Given records:
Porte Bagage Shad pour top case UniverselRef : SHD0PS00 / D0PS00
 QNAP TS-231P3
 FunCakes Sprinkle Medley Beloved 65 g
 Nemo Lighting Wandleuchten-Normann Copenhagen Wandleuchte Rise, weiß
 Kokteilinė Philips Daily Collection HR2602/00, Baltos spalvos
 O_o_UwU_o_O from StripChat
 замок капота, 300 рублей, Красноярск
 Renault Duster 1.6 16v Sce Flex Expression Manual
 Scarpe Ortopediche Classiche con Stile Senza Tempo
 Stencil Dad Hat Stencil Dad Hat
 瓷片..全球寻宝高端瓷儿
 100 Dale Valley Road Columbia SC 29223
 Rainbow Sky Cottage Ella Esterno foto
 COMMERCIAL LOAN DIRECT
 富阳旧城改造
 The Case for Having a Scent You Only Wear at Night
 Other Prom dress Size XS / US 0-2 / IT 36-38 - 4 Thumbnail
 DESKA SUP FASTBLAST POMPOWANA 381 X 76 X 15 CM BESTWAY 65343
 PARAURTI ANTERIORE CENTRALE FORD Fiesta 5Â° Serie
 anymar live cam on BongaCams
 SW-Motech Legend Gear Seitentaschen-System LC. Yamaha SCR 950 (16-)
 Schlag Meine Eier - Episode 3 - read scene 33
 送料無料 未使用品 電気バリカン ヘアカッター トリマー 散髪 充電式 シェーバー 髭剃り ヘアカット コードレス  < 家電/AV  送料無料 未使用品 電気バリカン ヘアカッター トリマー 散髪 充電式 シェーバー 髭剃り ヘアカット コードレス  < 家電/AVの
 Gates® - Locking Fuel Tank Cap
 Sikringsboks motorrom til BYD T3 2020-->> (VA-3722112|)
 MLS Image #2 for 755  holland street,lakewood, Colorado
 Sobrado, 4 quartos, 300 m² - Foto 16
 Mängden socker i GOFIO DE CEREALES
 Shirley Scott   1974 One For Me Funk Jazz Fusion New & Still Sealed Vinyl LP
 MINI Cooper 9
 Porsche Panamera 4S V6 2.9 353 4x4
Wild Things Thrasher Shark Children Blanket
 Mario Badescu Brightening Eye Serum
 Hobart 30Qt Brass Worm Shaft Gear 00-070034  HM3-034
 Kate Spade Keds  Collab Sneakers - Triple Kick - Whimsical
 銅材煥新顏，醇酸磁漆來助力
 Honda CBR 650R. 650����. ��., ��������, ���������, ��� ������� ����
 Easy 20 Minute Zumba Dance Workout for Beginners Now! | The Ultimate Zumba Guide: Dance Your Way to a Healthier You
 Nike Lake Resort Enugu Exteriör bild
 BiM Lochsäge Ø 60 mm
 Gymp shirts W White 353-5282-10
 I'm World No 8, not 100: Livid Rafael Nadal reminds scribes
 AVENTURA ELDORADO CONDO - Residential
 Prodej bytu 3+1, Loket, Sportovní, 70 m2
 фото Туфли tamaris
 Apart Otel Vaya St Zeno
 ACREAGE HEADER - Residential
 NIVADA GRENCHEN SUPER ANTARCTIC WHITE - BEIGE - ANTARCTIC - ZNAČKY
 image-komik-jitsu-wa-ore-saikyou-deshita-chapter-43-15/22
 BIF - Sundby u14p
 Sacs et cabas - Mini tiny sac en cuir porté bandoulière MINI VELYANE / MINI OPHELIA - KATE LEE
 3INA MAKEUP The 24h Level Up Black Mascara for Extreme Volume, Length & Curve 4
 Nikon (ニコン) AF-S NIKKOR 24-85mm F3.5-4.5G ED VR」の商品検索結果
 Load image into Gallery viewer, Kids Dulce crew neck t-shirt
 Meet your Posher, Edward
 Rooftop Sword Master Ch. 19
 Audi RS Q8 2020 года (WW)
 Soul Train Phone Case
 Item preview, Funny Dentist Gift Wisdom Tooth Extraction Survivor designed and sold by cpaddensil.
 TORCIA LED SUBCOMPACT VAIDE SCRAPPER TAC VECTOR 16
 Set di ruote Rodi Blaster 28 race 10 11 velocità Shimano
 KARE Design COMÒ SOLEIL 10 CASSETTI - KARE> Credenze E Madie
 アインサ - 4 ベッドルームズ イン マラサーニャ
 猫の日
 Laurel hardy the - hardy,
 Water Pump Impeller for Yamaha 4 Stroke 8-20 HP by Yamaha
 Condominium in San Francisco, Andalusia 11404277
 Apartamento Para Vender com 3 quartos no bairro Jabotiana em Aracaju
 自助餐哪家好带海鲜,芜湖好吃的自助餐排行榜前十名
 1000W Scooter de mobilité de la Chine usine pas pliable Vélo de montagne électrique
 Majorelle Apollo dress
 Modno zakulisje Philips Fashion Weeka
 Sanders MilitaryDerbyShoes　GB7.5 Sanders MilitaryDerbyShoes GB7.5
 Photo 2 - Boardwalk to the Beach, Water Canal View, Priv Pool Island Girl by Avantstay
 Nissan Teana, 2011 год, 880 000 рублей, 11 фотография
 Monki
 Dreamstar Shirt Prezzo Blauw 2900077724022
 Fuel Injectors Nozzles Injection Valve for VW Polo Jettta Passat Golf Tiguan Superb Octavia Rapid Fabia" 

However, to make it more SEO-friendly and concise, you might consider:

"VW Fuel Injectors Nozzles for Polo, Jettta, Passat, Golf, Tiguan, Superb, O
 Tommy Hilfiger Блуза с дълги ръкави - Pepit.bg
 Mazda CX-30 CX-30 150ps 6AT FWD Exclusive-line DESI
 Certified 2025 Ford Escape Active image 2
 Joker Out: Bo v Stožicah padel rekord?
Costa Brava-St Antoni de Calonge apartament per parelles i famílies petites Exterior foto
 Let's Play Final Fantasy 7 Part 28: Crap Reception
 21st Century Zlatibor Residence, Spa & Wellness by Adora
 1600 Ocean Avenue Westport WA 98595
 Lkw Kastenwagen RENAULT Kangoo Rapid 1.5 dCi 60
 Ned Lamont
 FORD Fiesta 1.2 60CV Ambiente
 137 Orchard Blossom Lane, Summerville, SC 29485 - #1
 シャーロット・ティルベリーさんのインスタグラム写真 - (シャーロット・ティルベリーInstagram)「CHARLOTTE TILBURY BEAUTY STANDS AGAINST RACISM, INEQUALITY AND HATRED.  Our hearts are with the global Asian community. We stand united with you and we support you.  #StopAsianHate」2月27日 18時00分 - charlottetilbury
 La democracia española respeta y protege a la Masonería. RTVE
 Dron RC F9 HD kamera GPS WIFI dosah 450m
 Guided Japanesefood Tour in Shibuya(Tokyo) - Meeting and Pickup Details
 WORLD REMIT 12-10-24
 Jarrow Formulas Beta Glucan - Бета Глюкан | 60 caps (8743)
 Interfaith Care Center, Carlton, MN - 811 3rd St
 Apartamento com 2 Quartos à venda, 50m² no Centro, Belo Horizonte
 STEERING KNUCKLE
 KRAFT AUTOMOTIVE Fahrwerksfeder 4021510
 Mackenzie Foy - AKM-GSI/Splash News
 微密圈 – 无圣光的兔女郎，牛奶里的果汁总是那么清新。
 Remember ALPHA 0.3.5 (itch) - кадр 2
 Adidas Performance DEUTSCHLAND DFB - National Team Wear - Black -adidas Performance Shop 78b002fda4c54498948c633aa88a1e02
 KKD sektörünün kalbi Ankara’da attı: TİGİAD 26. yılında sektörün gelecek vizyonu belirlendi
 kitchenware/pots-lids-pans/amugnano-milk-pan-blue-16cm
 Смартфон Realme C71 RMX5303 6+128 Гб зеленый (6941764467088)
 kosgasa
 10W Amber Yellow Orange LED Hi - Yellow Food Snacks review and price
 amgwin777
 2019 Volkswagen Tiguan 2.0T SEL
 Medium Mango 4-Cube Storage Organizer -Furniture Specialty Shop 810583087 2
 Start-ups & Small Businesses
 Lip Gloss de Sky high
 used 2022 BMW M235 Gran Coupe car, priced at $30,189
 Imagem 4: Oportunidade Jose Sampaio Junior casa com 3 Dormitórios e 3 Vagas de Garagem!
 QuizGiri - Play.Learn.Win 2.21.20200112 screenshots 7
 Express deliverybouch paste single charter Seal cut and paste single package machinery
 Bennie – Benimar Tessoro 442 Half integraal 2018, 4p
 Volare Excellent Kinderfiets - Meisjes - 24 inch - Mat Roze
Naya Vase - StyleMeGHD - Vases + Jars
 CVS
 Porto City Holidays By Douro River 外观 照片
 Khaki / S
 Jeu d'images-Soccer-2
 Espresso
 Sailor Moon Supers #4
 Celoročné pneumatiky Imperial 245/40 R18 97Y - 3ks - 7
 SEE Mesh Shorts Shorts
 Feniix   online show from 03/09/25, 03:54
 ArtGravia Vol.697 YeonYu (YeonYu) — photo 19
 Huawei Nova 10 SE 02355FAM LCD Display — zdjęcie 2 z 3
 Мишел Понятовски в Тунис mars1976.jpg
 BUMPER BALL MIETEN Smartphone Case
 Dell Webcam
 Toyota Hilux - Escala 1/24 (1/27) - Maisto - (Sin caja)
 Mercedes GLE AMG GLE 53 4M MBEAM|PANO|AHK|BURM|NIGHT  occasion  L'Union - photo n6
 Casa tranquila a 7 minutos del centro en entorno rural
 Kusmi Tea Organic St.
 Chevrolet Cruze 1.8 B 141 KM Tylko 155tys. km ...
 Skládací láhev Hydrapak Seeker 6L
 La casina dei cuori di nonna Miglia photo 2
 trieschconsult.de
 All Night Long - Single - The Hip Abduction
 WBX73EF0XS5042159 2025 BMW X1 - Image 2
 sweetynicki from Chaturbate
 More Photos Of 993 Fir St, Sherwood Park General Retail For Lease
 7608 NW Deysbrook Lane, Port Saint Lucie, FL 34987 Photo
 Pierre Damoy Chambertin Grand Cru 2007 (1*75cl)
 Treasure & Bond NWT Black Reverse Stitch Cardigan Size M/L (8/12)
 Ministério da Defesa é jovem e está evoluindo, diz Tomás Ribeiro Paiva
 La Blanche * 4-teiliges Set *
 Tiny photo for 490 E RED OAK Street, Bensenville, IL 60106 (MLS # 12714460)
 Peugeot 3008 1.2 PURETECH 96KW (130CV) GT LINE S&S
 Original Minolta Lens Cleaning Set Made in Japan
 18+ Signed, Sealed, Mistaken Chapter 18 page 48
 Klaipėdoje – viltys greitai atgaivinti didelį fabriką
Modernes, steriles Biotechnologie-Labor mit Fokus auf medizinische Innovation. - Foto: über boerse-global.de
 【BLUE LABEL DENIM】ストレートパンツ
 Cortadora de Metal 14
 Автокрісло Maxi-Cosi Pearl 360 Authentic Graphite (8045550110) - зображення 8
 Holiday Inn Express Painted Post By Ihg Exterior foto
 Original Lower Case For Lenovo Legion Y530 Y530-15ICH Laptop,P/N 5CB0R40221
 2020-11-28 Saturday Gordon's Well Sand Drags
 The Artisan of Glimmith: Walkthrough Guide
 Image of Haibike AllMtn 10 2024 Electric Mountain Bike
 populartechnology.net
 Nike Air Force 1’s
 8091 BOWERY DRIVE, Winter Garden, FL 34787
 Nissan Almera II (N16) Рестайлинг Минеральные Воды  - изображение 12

What you need to do:
Every line from the top of the material through the line containing "Stencil Dad Hat Stencil Dad Hat" must be transcribed exactly, and no other line may appear.

Response for this exercise:
Porte Bagage Shad pour top case UniverselRef : SHD0PS00 / D0PS00
 QNAP TS-231P3
 FunCakes Sprinkle Medley Beloved 65 g
 Nemo Lighting Wandleuchten-Normann Copenhagen Wandleuchte Rise, weiß
 Kokteilinė Philips Daily Collection HR2602/00, Baltos spalvos
 O_o_UwU_o_O from StripChat
 замок капота, 300 рублей, Красноярск
 Renault Duster 1.6 16v Sce Flex Expression Manual
 Scarpe Ortopediche Classiche con Stile Senza Tempo
 Stencil Dad Hat Stencil Dad Hat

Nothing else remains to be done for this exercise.